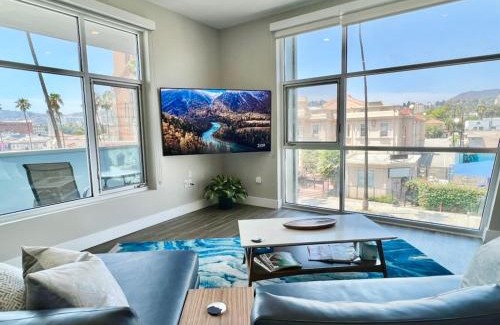 Hollywood Apartamento | Large Hollywood Corner 2 Bedroom with Private Balcony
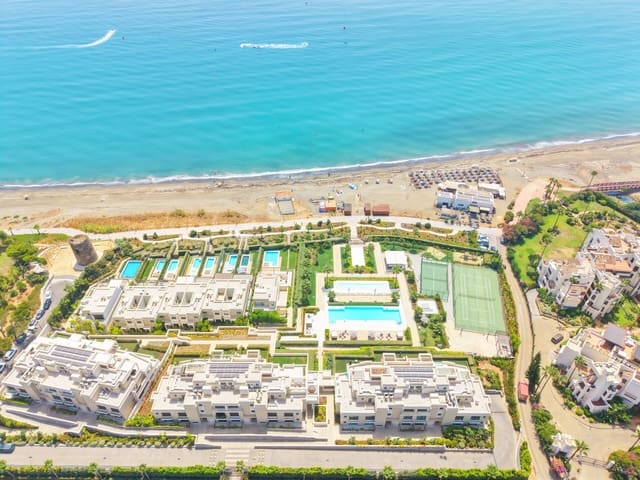 2 soveværelse Lejlighed til salg i New Golden Mile, Estepona med swimmingpool garage - € 1.595.000 (Ref: 9996752)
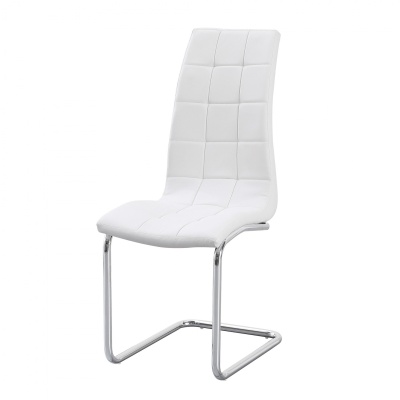 Cadeira branca estofada com base cromada em fundo branco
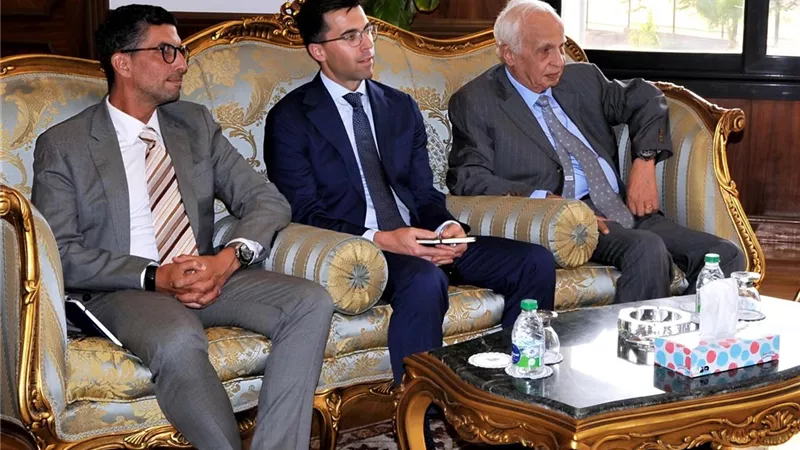 وزير الطيران يبحث مع وفد بوينج دعم التعاون فى النقل الجوى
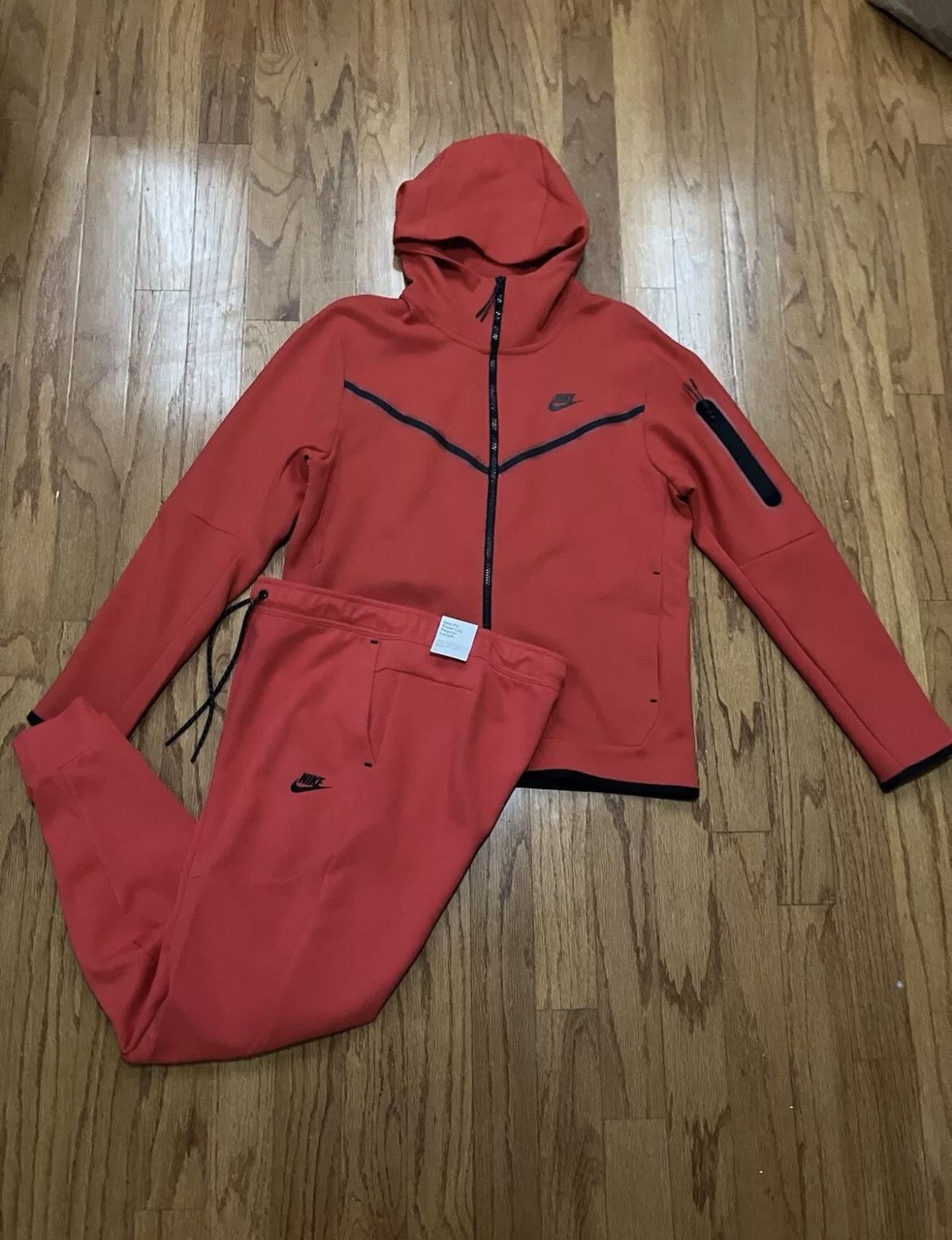 NIKE TECH FLEECE RED
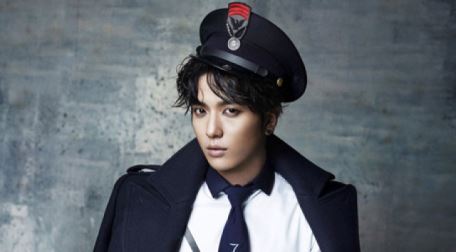 정용화, 제복 화보 ‘블랙 카리스마’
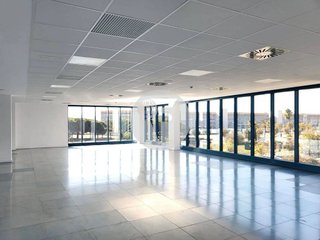 Oficina en alquiler en Zona Industrial en Prat de Llobregat, El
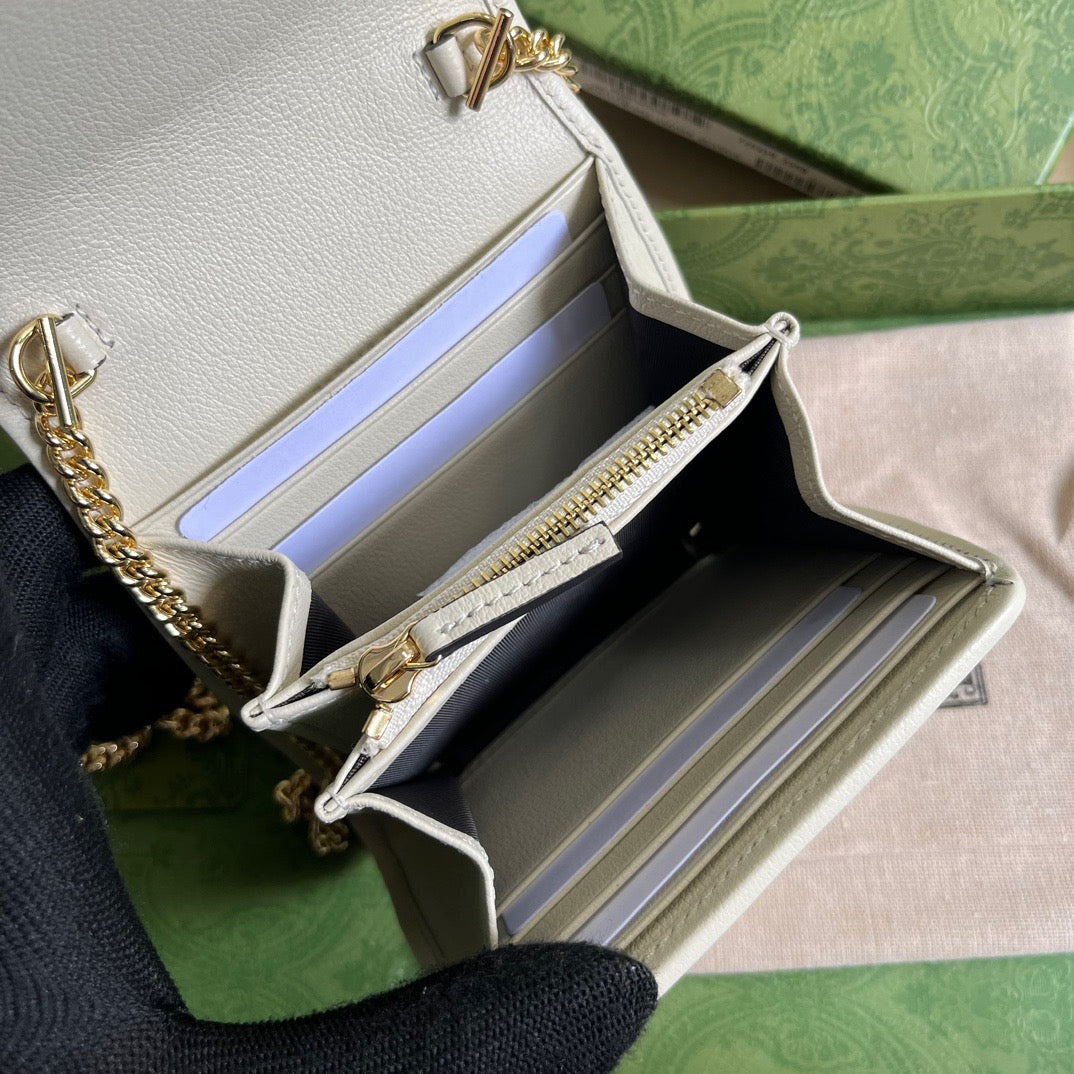 Blondie Medium Chain Wallet White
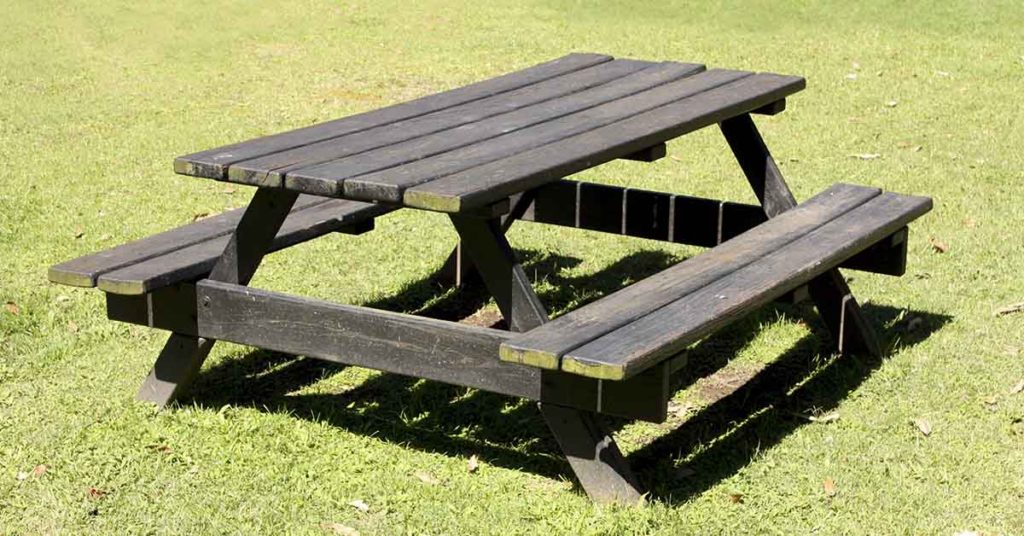 ‘I’m Waiting for Mom,’ Girl Says to Park Janitor, Next Day He Sees Her Still Sitting at Same Spot – a Short Story - Featured image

## Task to complete
Copy the data exactly. Any picture it contains is to be omitted.

## Solution for this exercise
 Hollywood Apartamento | Large Hollywood Corner 2 Bedroom with Private Balcony
 2 soveværelse Lejlighed til salg i New Golden Mile, Estepona med swimmingpool garage - € 1.595.000 (Ref: 9996752)
 Cadeira branca estofada com base cromada em fundo branco
 وزير الطيران يبحث مع وفد بوينج دعم التعاون فى النقل الجوى
 NIKE TECH FLEECE RED
 정용화, 제복 화보 ‘블랙 카리스마’
 Oficina en alquiler en Zona Industrial en Prat de Llobregat, El
 Blondie Medium Chain Wallet White
 ‘I’m Waiting for Mom,’ Girl Says to Park Janitor, Next Day He Sees Her Still Sitting at Same Spot – a Short Story - Featured image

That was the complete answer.